(Beginning of DATASET CONTENT)

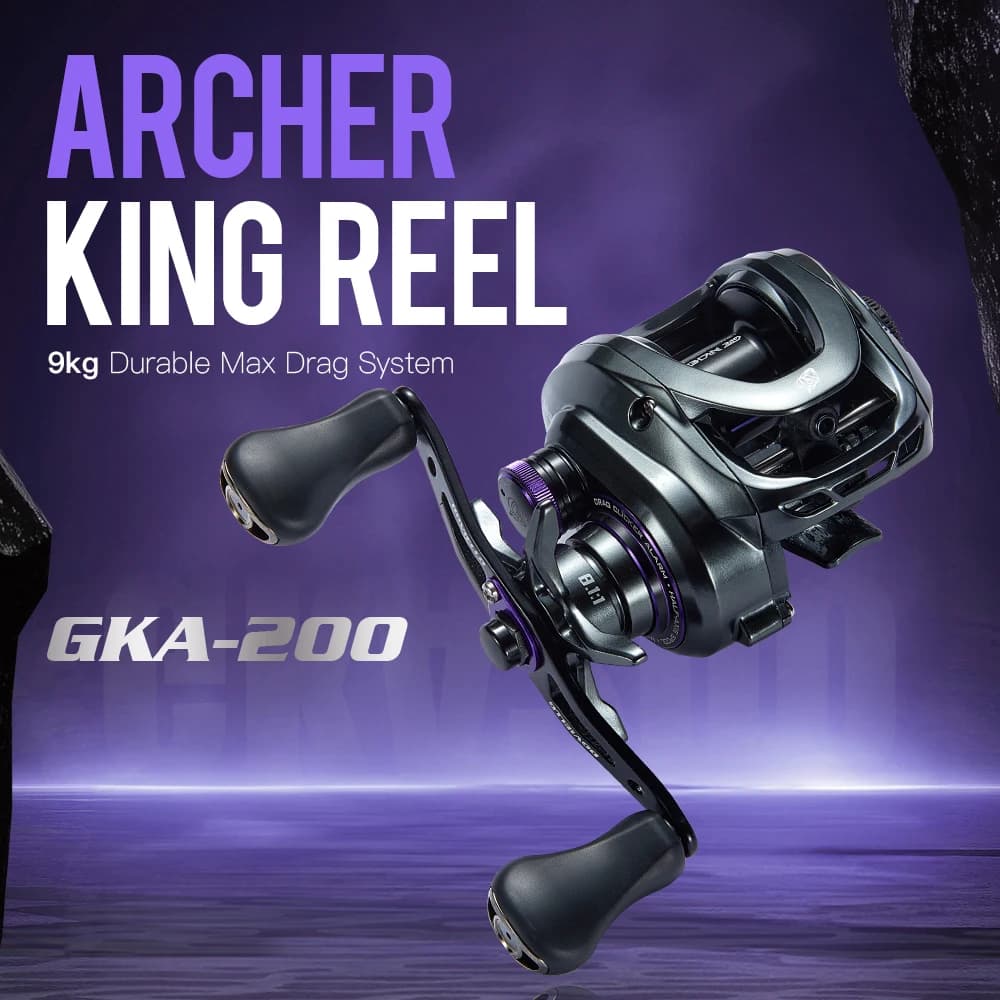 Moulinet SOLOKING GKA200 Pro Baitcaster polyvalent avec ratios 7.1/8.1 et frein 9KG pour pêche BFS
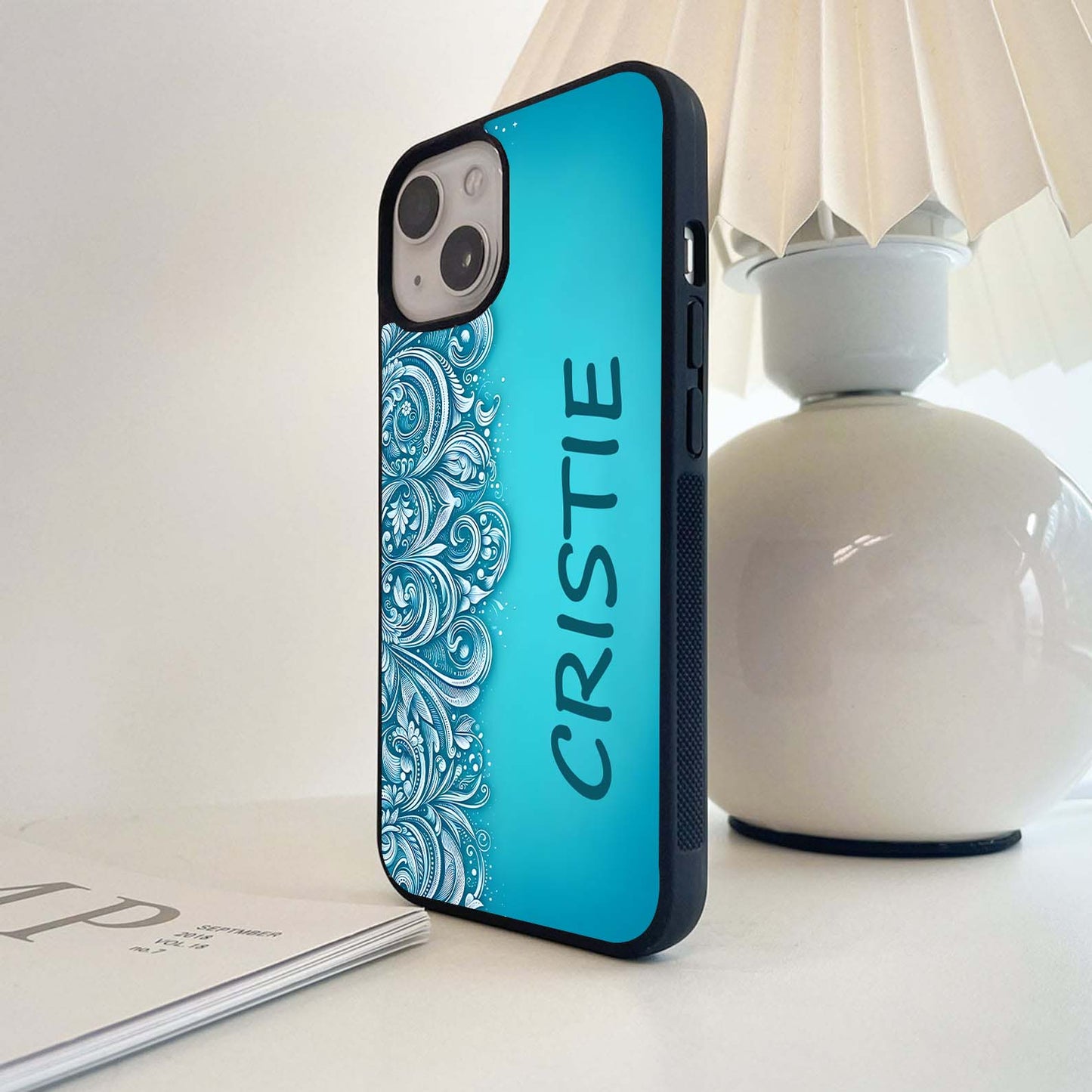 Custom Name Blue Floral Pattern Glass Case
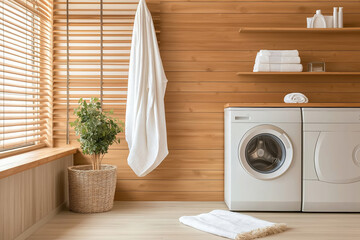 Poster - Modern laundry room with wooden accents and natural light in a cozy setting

(End of DATASET CONTENT)

> **EXERCISE**
Give back the whole listing exactly as it stands. No pictures belong in the copy.

> **EXERCISE RESULT**
 Moulinet SOLOKING GKA200 Pro Baitcaster polyvalent avec ratios 7.1/8.1 et frein 9KG pour pêche BFS
 Custom Name Blue Floral Pattern Glass Case
 Poster - Modern laundry room with wooden accents and natural light in a cozy setting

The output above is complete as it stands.